Glyphs of Time :: a blog by jarvis grant

January 22, 2012

Technical Innovation and the Basics: Part 1

Filed under: Digital Tech,Innovation,Observations,Photography — Tags: , — Jarvo @ 2:43 pm

I was recently reading about the new Fujifilm X-Pro1 camera. This camera looks to be the “professional” version of Fujifilm X100.  I was very excited about the X100 even though I wasn’t in the market for a new camera. What excited  me about the X100 was the fact that this camera looked great! Any camera with a shutter speed dial and the f/stops on the lens barrel has got my vote. At least for now. When I saw the first X100 reviews, the camera seemed wanting. Then I thought about the criticism. Beyond the usual bugs found in first generation technology, the reviewer spoke about the “handling” of the camera. The photos were “blurry”. Not out of focus, but blurry. In the days of film cameras, blurry pictures were not the fault of the camera. It was then I realized, “This guy is new to photography, and has only handled digital cameras.

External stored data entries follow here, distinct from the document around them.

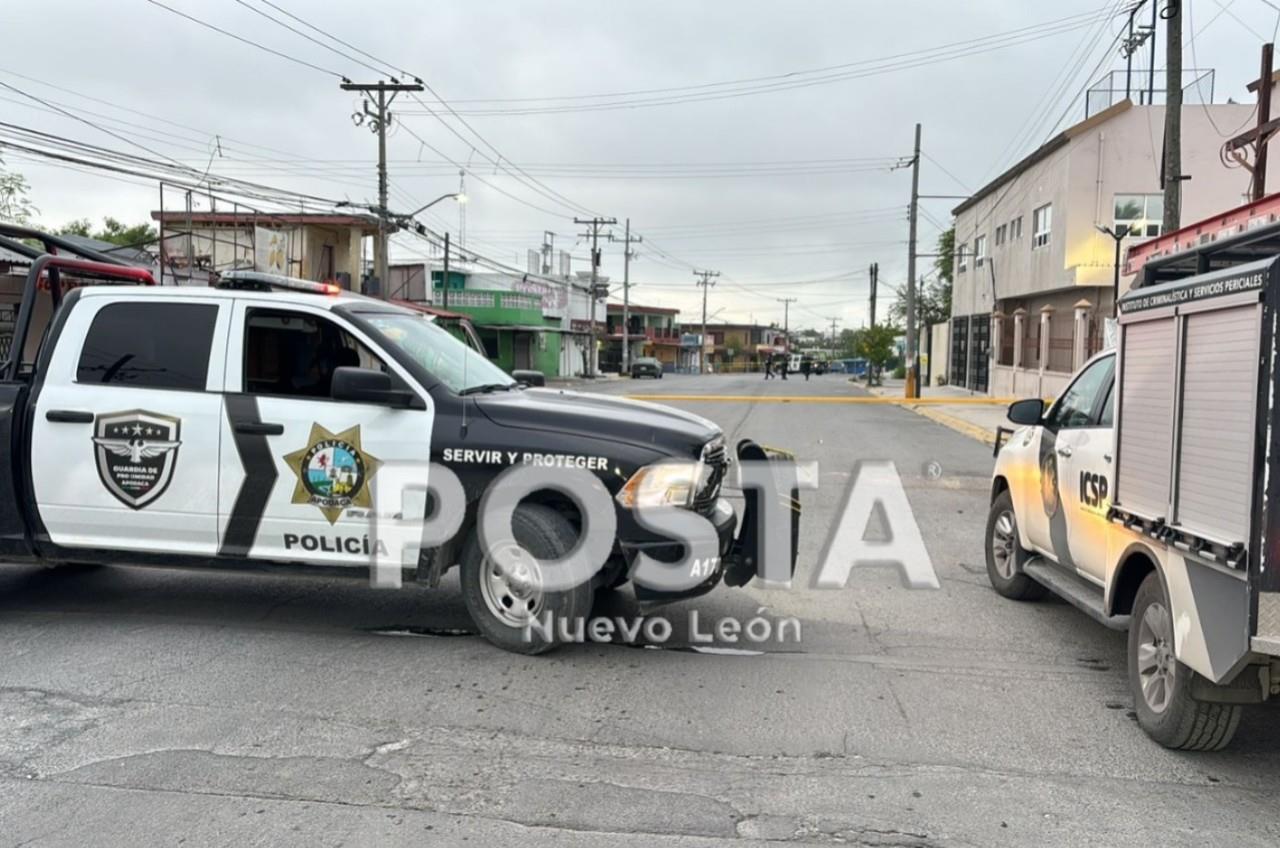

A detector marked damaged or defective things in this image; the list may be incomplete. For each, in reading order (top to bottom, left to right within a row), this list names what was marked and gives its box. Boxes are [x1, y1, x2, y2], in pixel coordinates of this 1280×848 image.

cracked asphalt [2, 374, 1280, 844] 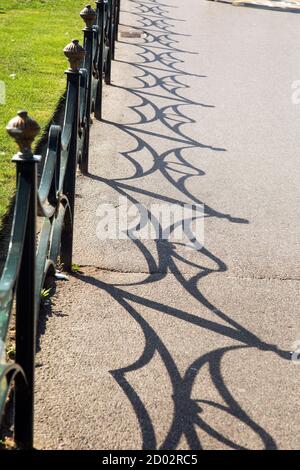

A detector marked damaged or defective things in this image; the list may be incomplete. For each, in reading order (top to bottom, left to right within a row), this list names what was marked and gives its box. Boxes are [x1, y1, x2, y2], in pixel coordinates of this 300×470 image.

rusted finial [79, 4, 96, 29]
rusted finial [63, 39, 85, 72]
rusted finial [6, 110, 40, 155] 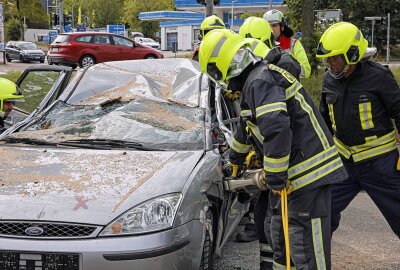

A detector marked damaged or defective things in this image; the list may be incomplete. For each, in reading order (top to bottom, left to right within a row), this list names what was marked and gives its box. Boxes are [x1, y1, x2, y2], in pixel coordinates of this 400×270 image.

shattered windshield [6, 99, 205, 150]
damaged silver car [0, 59, 247, 270]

A few years ago I heard a very interesting comment from a pro shooter. He said that, “All digital cameras are point & shoot.” The comment was referencing a statement made by another photographer about difference in “quality”  (and probably more so, price) between pro cameras and amateur ones. The down play of cheaper/amateur cameras was that , “They to everything for you, not like a real (pricey/pro) camera. With the statement that “all” digital cameras are point and shoot cameras, this means that if a photographer actually understands the concepts of the photograph’s relationship to exposure and the situation, they can “program” the pricey camera to simply perform to the needs of any given situation. This allows the photographer to concentrate on getting the most compelling image, without concerning themselves with mundane technicalities of f/stops and shutter speeds.

The point of this little rant is that, when the reviewer said the camera produced blurry or soft photos, he blamed the camera, not his  technique. Film cameras had no “Image stabilization”. That was your job as photographer. You had to practice handling your camera. What’s the slowest speed I can get away with and have a sharp image? How fast can my thumb advance the film? How quickly can I load the camera (with film!)? These were basic issues and skills, back in the day. You were carful, not carefree. You looked hard, immersed yourself in the scene or situation, and you took your time without wasting any. The innovations in digital photography addresses these issues by allowing you to perform these skills with greater ease. Hey it’s great to be able to carry the equivalent of a brick of film (20 rolls) in your pocket! Yet, when photographers do not address the basic elements of photography, then the cameras and Fotoshop are taking and making the pictures.